A Cooperative Craft Survey in Dali Bai Autonomous Prefecture, Part 1

A note on photographs. Here just a few photographs from the first day of our May 2019 travel in Yunnan are presented. It will take time to work through all of the images that were made during the travels described in this post. When a fuller report is ready, the team will share additional images.

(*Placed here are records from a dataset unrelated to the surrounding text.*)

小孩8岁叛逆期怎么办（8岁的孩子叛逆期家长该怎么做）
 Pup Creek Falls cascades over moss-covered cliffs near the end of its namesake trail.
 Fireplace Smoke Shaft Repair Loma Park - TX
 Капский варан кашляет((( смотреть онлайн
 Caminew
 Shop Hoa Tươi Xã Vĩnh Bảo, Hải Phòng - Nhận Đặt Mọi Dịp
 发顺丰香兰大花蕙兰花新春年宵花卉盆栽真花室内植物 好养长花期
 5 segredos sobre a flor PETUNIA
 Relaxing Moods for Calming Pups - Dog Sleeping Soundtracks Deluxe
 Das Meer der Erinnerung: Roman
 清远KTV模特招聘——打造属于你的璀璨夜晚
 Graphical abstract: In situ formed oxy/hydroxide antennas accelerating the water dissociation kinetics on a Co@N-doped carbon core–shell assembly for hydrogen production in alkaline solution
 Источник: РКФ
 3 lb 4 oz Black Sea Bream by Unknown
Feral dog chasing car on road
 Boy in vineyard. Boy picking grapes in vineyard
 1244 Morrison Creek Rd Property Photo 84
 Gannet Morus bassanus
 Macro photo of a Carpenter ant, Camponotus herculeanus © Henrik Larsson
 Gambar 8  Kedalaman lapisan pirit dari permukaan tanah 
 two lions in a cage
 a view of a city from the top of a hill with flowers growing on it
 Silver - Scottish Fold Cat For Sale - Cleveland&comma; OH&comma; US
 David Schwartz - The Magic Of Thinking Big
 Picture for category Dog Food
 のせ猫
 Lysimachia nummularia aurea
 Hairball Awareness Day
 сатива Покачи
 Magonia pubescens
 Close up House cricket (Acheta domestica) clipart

In May, after the conclusion of the Seventh Forum on China-US Folklore and Intangible Cultural Heritage (where our focus was Collaborative Work in Museum Folklore and Heritage Studies), I was part of a group of American museum folklorists who traveled to the Dali Bai Autonomous Prefecture in China’s Yunnan Province. A spin-off project from the China-US Folklore and Intangible Cultural Heritage Project, our group was very generously hosted by the Institute of National Culture Research at Dali University in the city of Dali (Figures 1-2). Together with members of the Institute’s faculty, we traveled throughout the prefecture meeting Bai craftspeople working in a range of material forms. From them, we learned about their craft disciplines and about their experiences participating in formal intangible cultural heritage initiatives. This opportunity to learn from talented makers in Yunnan offered a wonderful comparative experience, pointing to commonalities and differences with northern Guangxi, where our group has been pursuing collaborative studies with partners from the Anthropology Museum of Guangxi, the Nandan Baiku Yao Ecomuseum and the Sanjiang Dong Ecomuseum.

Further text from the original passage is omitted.